Un seul son de voyelle, durant moins d'un dixième de seconde, sépare désormais les classes sociales à Manchester plus clairement que toute autre caractéristique de la parole. Des linguistes ont découvert que la façon dont les gens prononcent la voyelle finale dans des mots comme "city", "happy" et "coffee" agit comme un marqueur précis de l'origine sociale dans la deuxième plus grande zone urbaine d'Angleterre.
La voyelle qui divise une ville
Des chercheurs de l'Université de Manchester ont enregistré 122 locuteurs venant de toute la ville et de ses communes environnantes. Ils ont demandé aux participants de lire des phrases à voix haute, puis ont analysé les propriétés acoustiques de ce que les linguistes appellent la "voyelle happy". Les résultats ont montré une nette division. Les locuteurs de la classe ouvrière avaient tendance à produire une version plus courte et plus relâchée de la voyelle. Les locuteurs de la classe moyenne utilisaient un son plus long et plus tendu qui ressemble beaucoup à la voyelle du mot "fleece". La différence était constante à travers les groupes d'âge et les quartiers.
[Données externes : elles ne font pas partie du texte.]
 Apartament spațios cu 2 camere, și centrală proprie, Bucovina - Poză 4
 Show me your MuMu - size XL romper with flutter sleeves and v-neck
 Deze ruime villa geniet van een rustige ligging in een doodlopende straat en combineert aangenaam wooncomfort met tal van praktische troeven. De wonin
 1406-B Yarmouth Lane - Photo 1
Pourquoi les Mancuniens s'en soucient
Manchester est depuis longtemps connue pour son accent distinctif, mais cette étude révèle que la parole dans la ville est loin d'être uniforme. La recherche a été dirigée par le Dr George Bailey, maître de conférences en linguistique à l'Université de Manchester. Il a déclaré que la voyelle happy est "un indicateur vraiment fort" de la classe sociale, encore plus fort que le son "th" plus célèbre ou la voyelle dans "bath". Les habitants ont toujours su que les accents varient à travers la ville. Maintenant, ils ont une confirmation scientifique qu'un seul son peut placer un locuteur sur la carte sociale en quelques syllabes.
L'étude a également constaté que la voyelle happy évolue avec le temps. Les locuteurs plus âgés de la classe ouvrière utilisaient un son plus proche de la version de la classe moyenne, tandis que les jeunes locuteurs de la classe ouvrière se sont déplacés vers la variante plus courte. Cela suggère que l'accent n'est pas simplement hérité mais activement remodelé par chaque génération.
Une seule voyelle, à peine audible pour une oreille non entraînée, raconte désormais une histoire sur l'endroit où une personne a grandi, l'école qu'elle a fréquentée et la façon dont les autres la perçoivent. Dans une ville fière de son héritage ouvrier, ce son a un poids bien au-delà de sa brève durée.